The Greenland Ice Sheet is the second-largest body of ice on Earth. And, if it melts completely in the face of climate change, it could raise our oceans by a staggering 20 feet, causing extensive damage to coastal areas from Florida to Bangladesh. So with this potential impact, it's surprising that scientists actually know very little about this northern behemoth.
That's why a team from the University of Buffalo set out to paint a more accurate picture of Greenland's ice melt and its contribution to sea level rise.
"The great importance of our data is that for the first time, we have a comprehensive picture of how all of Greenland's glaciers have changed over the past decade," geophysicist Beata Csatho, who led the study, said in a statement.

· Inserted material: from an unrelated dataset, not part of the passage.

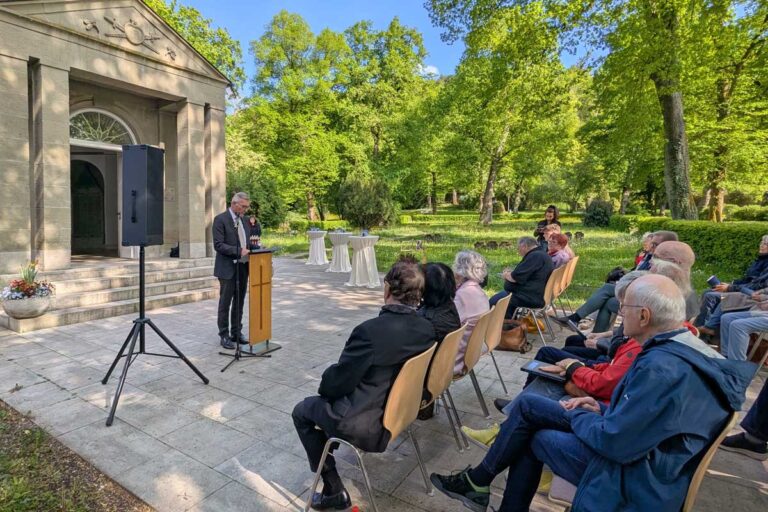 OB MIchael Beck bei der Vorstellung im Bürgerpark Tuttlingen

Using satellite and aerial data from NASA's ICESat (Ice, Cloud and Land Elevation Satellite) spacecraft and Operation IceBridge field campaign, researchers studied nearly 100,000 locations across Greenland from 1993 to 2012. They found that the ice sheet lost about 243 metric gigatons of ice every year from 2003 to 2009. Consequently, an extra 0.68 millimeters of water was added into the oceans annually.
Conventional climate models base their future ice loss predictions on the activity of four well-studied glaciers - Jakobshavn, Helheim, Kangerlussuaq and Petermann. But the new research shows that scientists can't limit themselves to these four glaciers and accurately forecast how the entire ice sheet will dump ice into the oceans.

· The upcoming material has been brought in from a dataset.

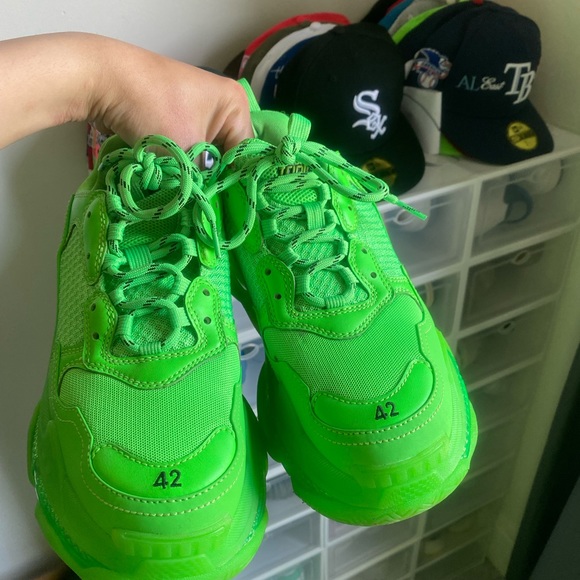 Balenciagas triple s - Picture 2 of 5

"There are 242 outlet glaciers wider than 1.5 km on the Greenland Ice Sheet, and what we see is that their behavior is complex in space and time," Csatho explained. "The local climate and geological conditions, the local hydrology - all of these factors have an effect. The current models do not address this complexity."
According to the study, published in the journal Proceedings of the National Academy of Sciences, there isn't a one-size-fits-all model for Greenland's glaciers. Some thickened when the temperature rose, some thinned, and some displayed both thinning and thickening. Researchers plan to continue investigating why glaciers respond differently to warming to improve upon climate models.
By focusing on factors involved in ice melt that earlier studies neglected to consider, Csatho and her team believe that the Greenland Ice Sheet could lose ice faster in the future than previously suggested.
"These studies represent new leaps in our knowledge of how the ice sheet is losing ice. It turns out the ice sheet is a lot more complex than we ever thought," Tom Wagner, program scientist for NASA's cryosphere program in Washington, said in a statement.